GWYN, O.C., RICHARD JERMY 1934 - 2020 Passed away August 15, 2020 in Toronto after stoically enduring a long siege with Alzheimer's.

Lovingly remembered by his wife, Carol Bishop Gwyn. Predeceased by his parents Philip Jermy Gwyn and Elizabeth (Betty) (nee Tilley) and his wife of 42 years, Sandra Gwyn (nee Fraser). Survived by his sister, Susannah (Sue) Rooney and his five nephews John, Julian, Ben (Jenny), Toby (Grainne) and Daniel (Dtang) along with ten great-nieces and nephews including his goddaughter India Rooney, sister-in-law Danielle Fraser (Nick), brother-in-law A.R. (Rory) Harley (Jane) and step-son Joshua McIvor (Frances) and grandchildren Penelope and Edward. Also survived by countless Gwyn cousins including Julian, Hugh, Rosemary and Mary-Caroline.

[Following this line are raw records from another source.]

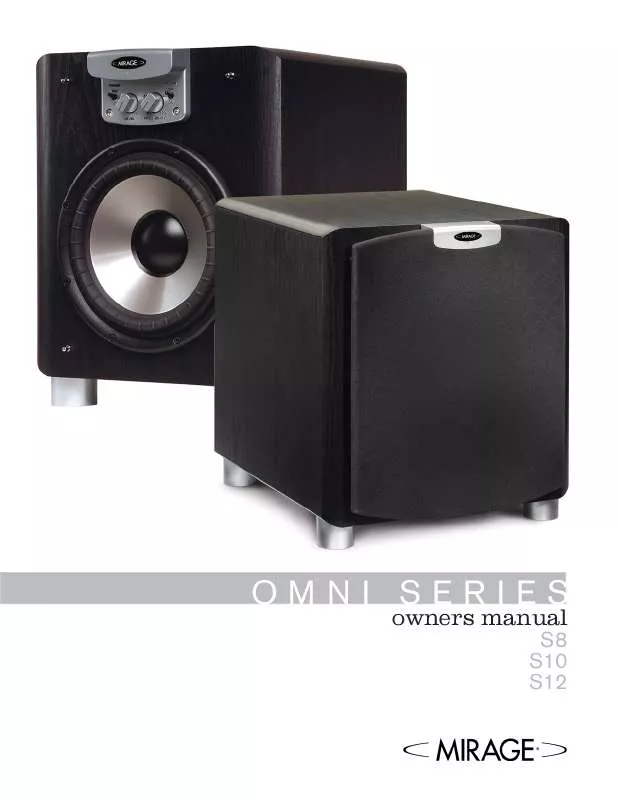 Mode d'emploi MIRAGE SPEAKERS OMNI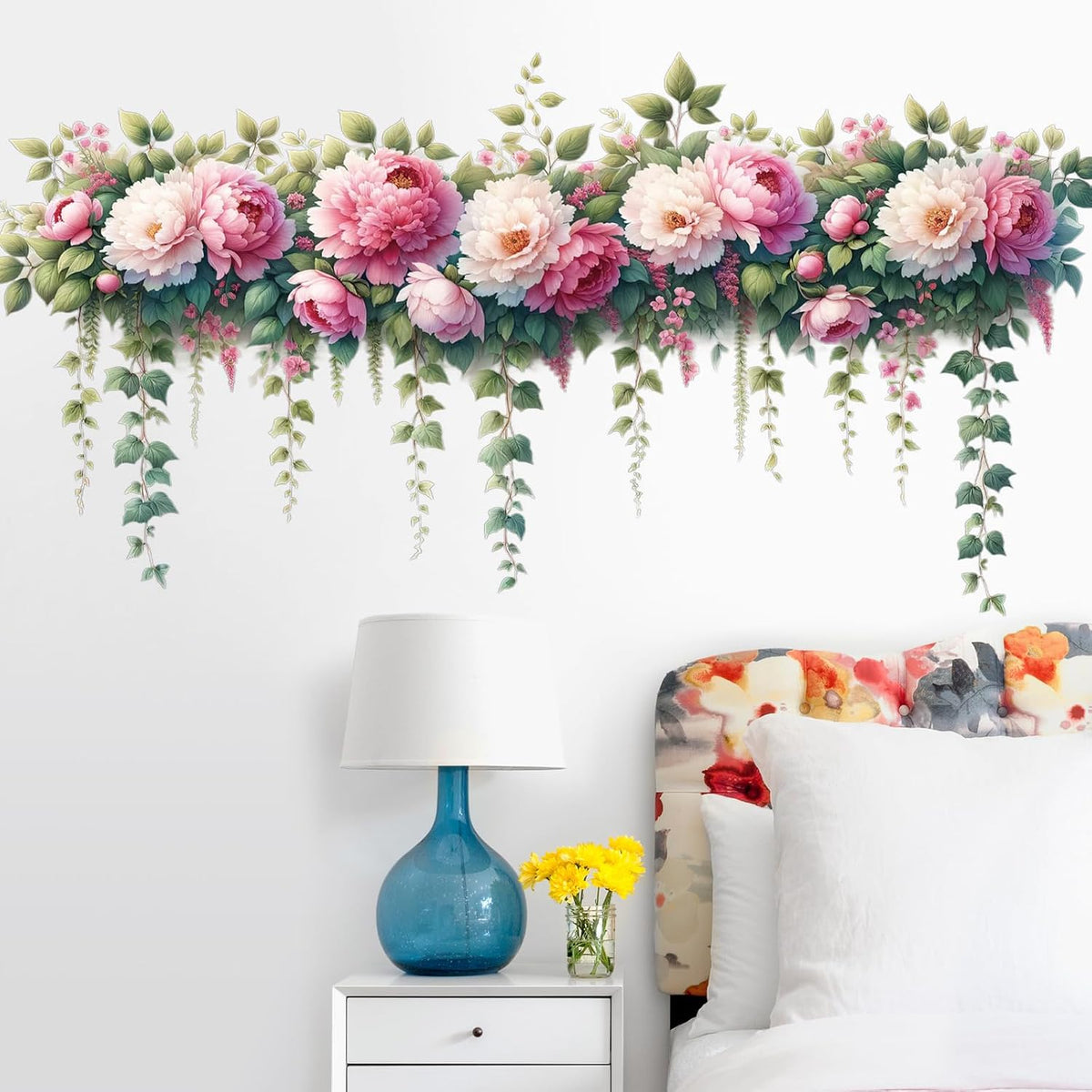 Removable DIY 3D Pink Peony Flower Wall Decals, Hanging Vine Vinyl Fresh Plant Green Leaves Art Decor for Girls Nursery Bedroom Living Room TV Background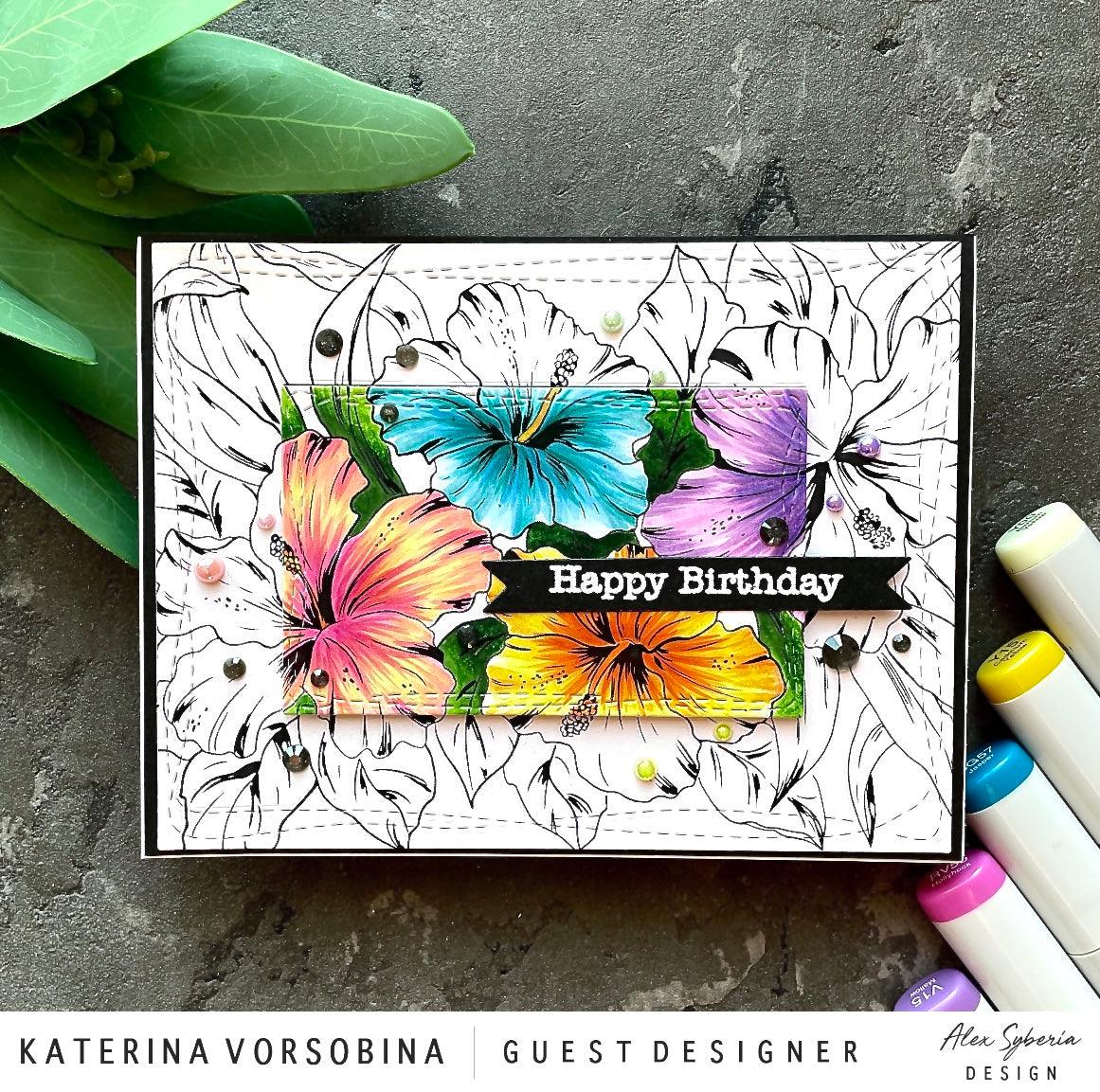 Sketched Hibiscus Digital Stamp - Alex Syberia Designs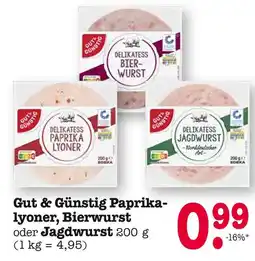 E-Center Gut & günstig delikatess paprika lyoner Angebot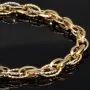 Bicolor Armband aus funkelnden 585 14K Gold in außergewöhnlichem Design in ca. 20,5 cm Länge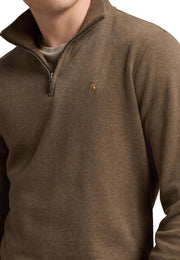 POLO RALPH LAUREN Mens Classic Estate-Rib Quarter-Zip Pullover Sweater (XXL, CedarBrownHtr)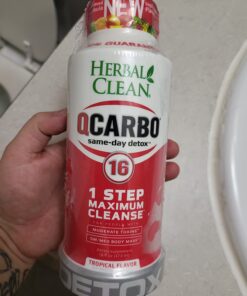 Herbal Clean QCarbo16 Same-Day Premium Detox Drink, Tropical Flavor, 16 Fl Oz 16 Fl Oz (Pack of 1) 32 61lJLdurj1L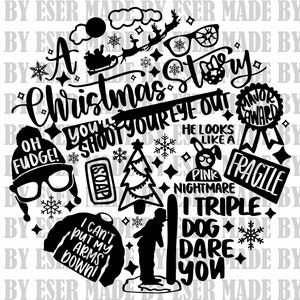 Custom Christmas Story Theme Collage Svg, Png, Dxf, Eps, Jpg, Design, Christmas Story Svg, Xmas Shirt, Cricut Cut File, Digital Design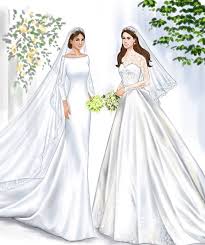 Wedding Dress Illustrations Of Meghan Markle Duchess Of Sussex And Kate Middle Wedding Dress Xyz Royal Wedding Gowns Wedding Dress Sketches Wedding Dress Illustrations
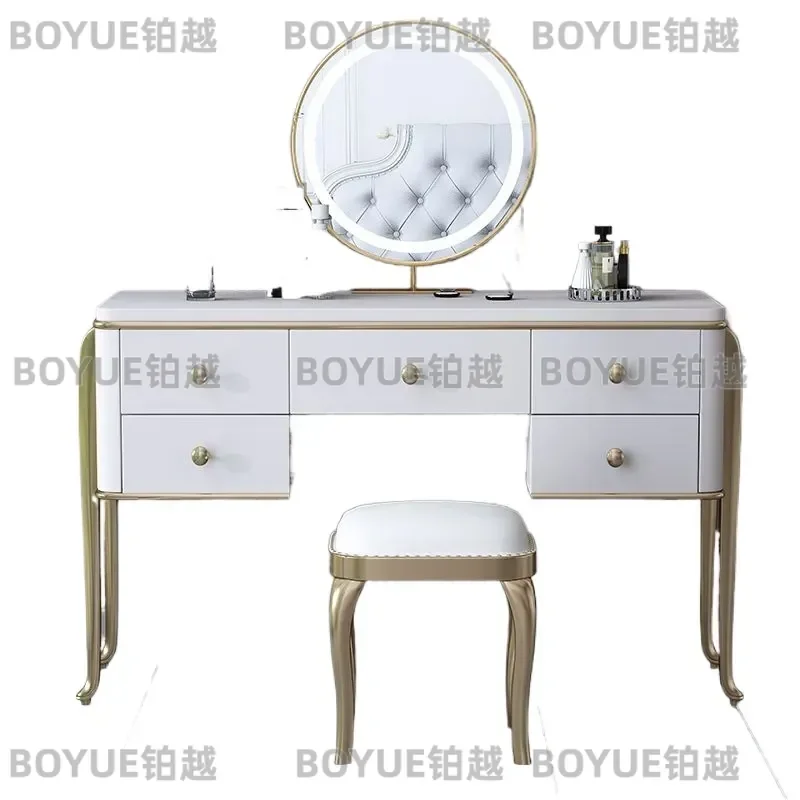 American Light Luxury Solid Wood Dresser Simple Master Bedroom European Style Makeup Storage Cabinet Integrated Vanity Table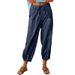 Suitable For All Seasons 2024 New Loose High-Waist Button Cotton Linen Nine-Point Wide-Leg Women's Pants_ecoleips.com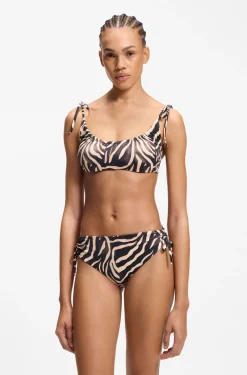 Bikini-Oberteil mit Print und Stack-Logo-Anhänger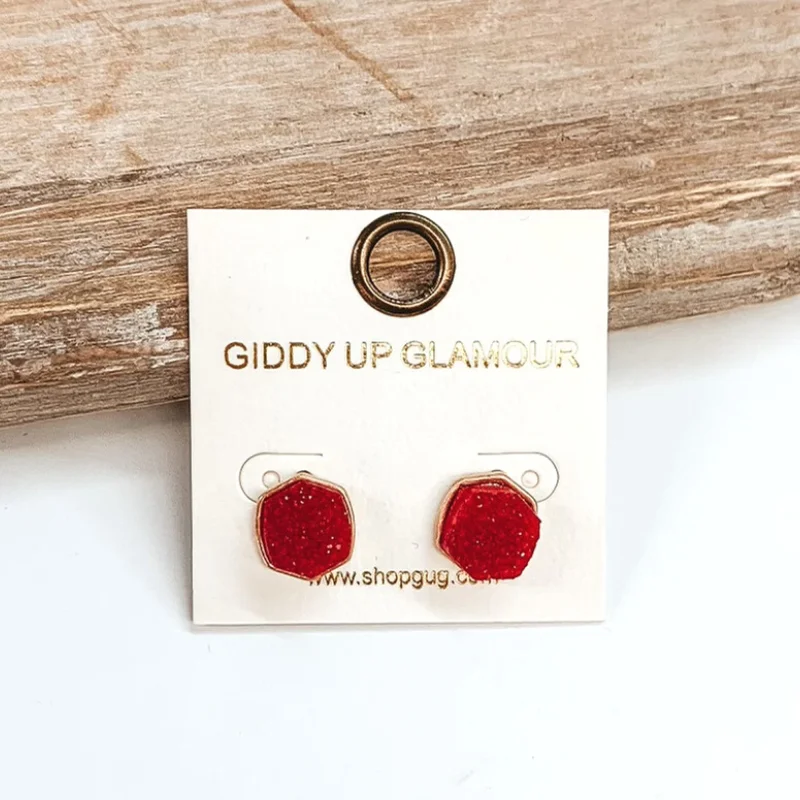 Women’s elegant earrings-Druzy Hexagon Post Earrings in Red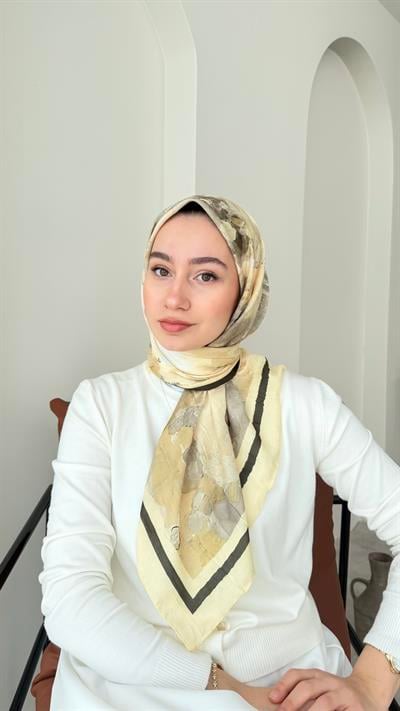 Batik Bambu Kraş Eşarp - Sarı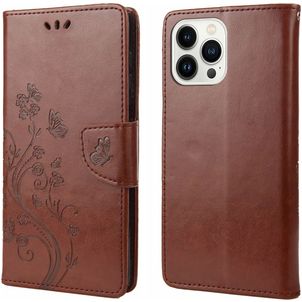 Mobigear Flowers Housse iPhone 14 Pro Etui Porte-Monnaie - Marron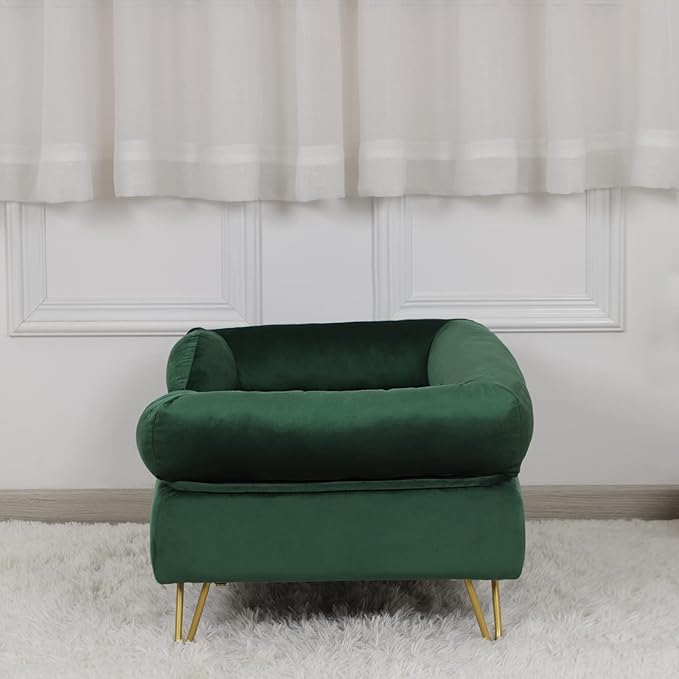 Dog Sofas and Chairs for Small Breeds,Dog Couch for Small Pet,Cat Sofa Chair with Soft Velvet Fabric,Wooden Frame Cat Bed,Pet Sofa Bed for Small Dog Rest Using,EMERALD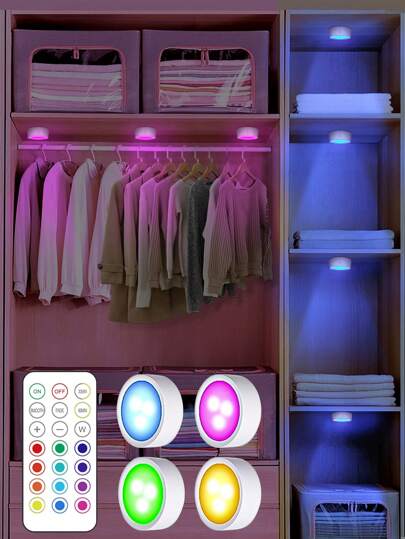 Wireless Remote Control LED Under Cabinet Light, Single LED Under Lighting, Colorful Atmosphere Holiday Lighting, LED Press Cabinet Cupboard Dimmer Night Light, Corridor Wardrobe Decoration Lamp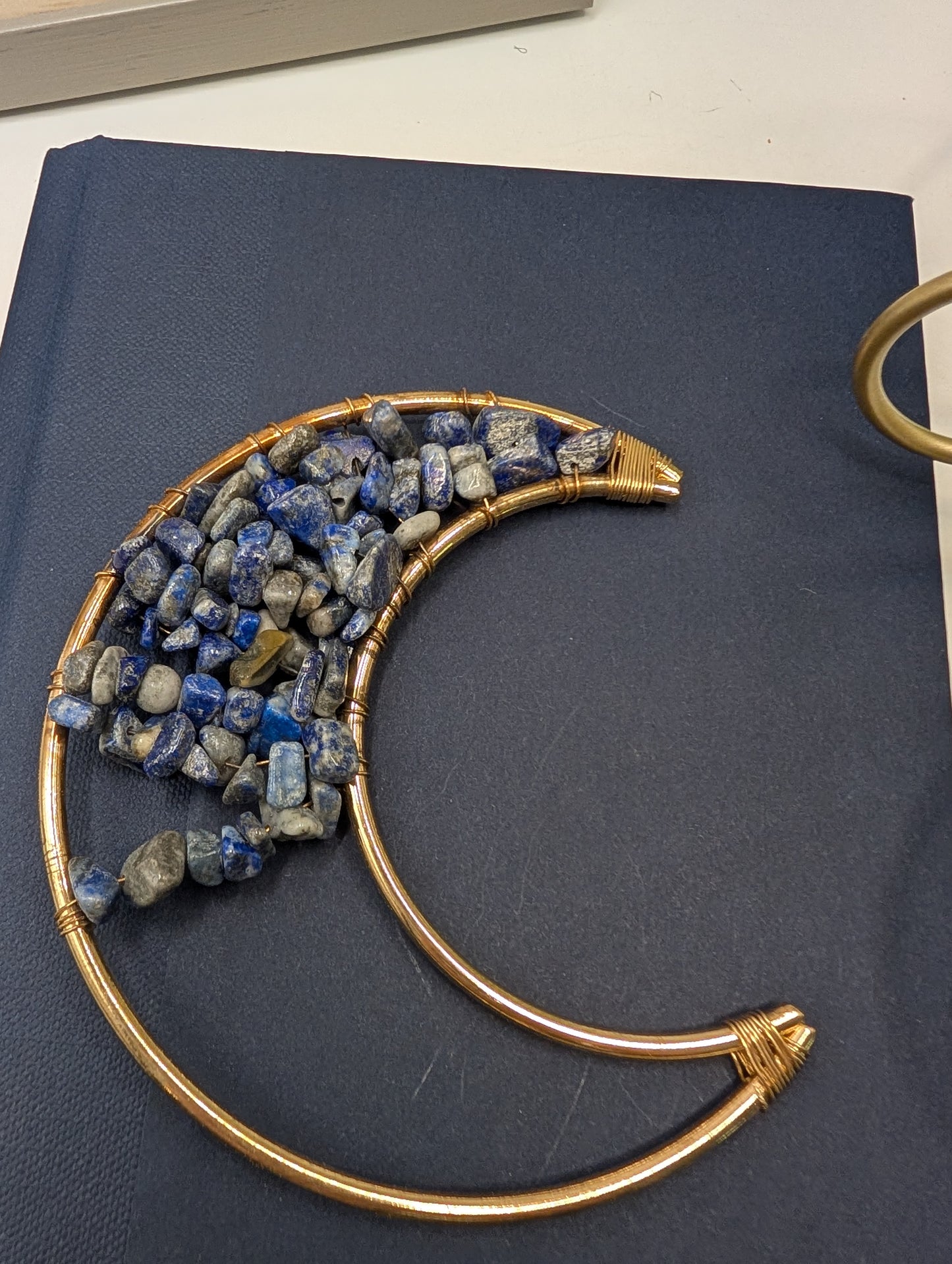 Copper Crescent Moons with Crystal Chips - Embrace the Celestial Magic!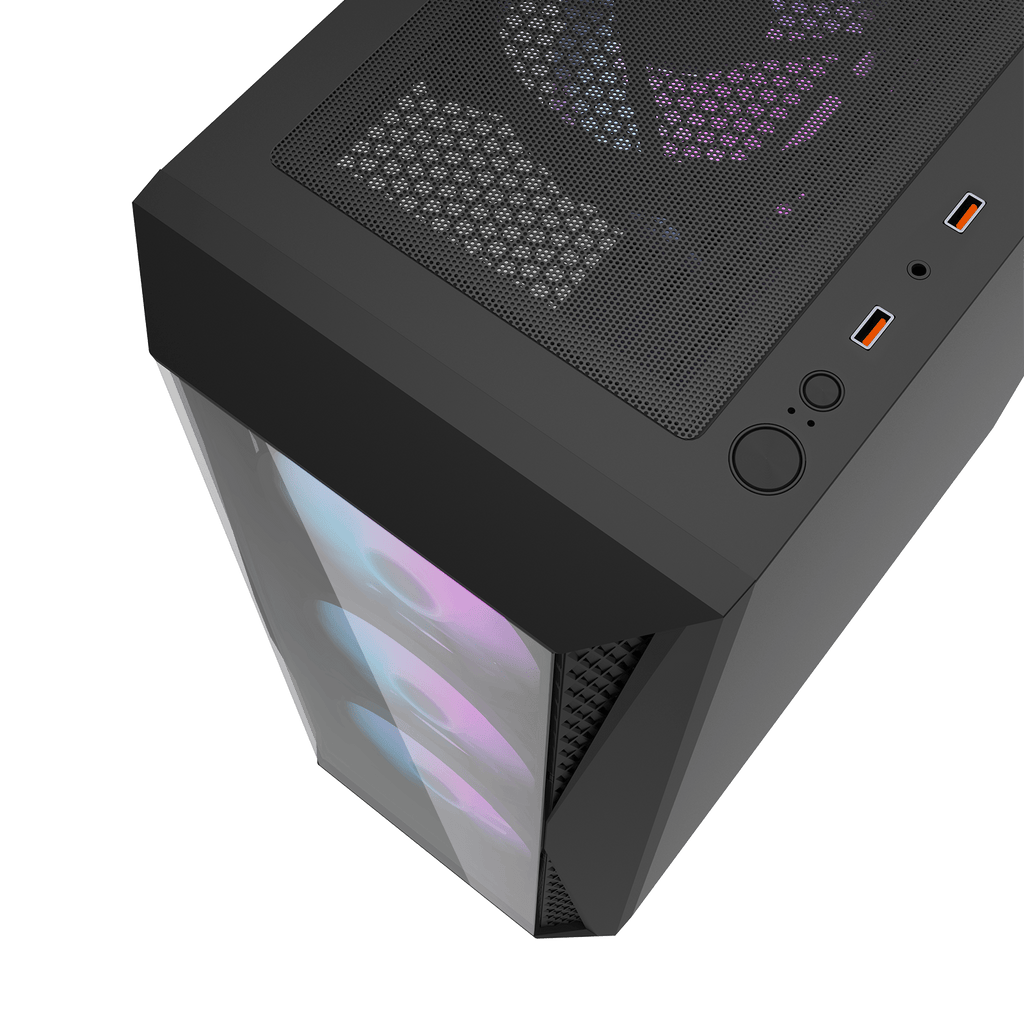 DARKFLASH DK352 Plus ATX PC Case - Black (4 ARGB Fans) | علبة كمبيوتر DARKFLASH DK352 Plus ATX - سوداء (4 مراوح ARGB)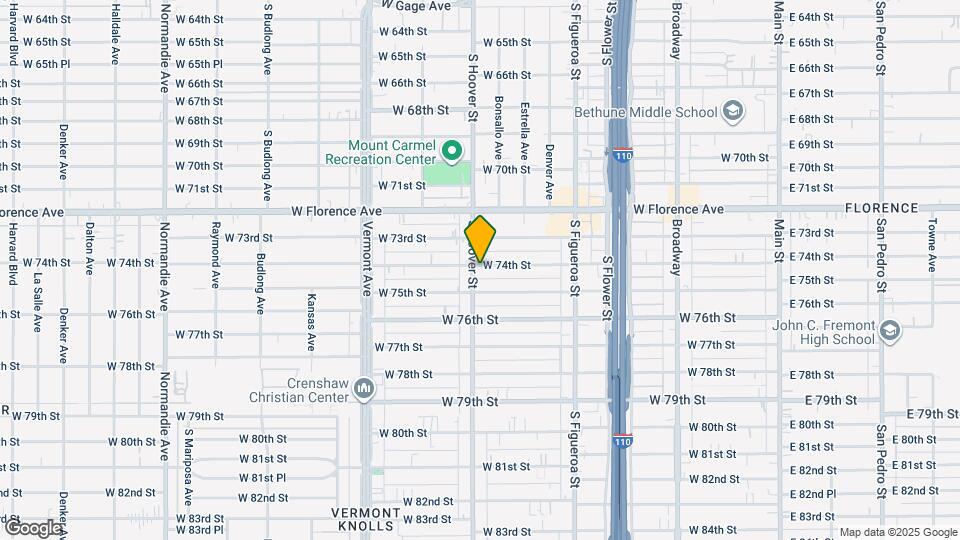 7400 S Hoover St Map and Location Details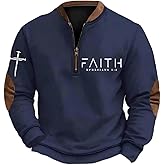 Men's Faith Print Casual T-Shirt Faith Ephesians 2 8 Pullover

Born into a military family at Bury St. Edmunds, Suffolk on May 26, 1934, Richard spent his early childhood living in Shanghai and India. He attended the Jesuit Stonyhurst College in Lancaster, England followed by Royal Military Academy, Sandhurst. Seeking adventure Richard teamed up with a school-chum to visit Canada in the early 1950s and worked in a variety of jobs, perhaps most notably a spell in Newfoundland as door-to-door salesmen, selling a Catholic magazine. Both Richard and his friend met girls working at the Halifax information bureau and both went on to marry their Canadian sweethearts.


Richard and Alexandra (Sandra) Fraser wed in 1958, enjoyed 42 years together and a creative literary partnership. Once attached firmly to Canada, Richard launched a journalism career.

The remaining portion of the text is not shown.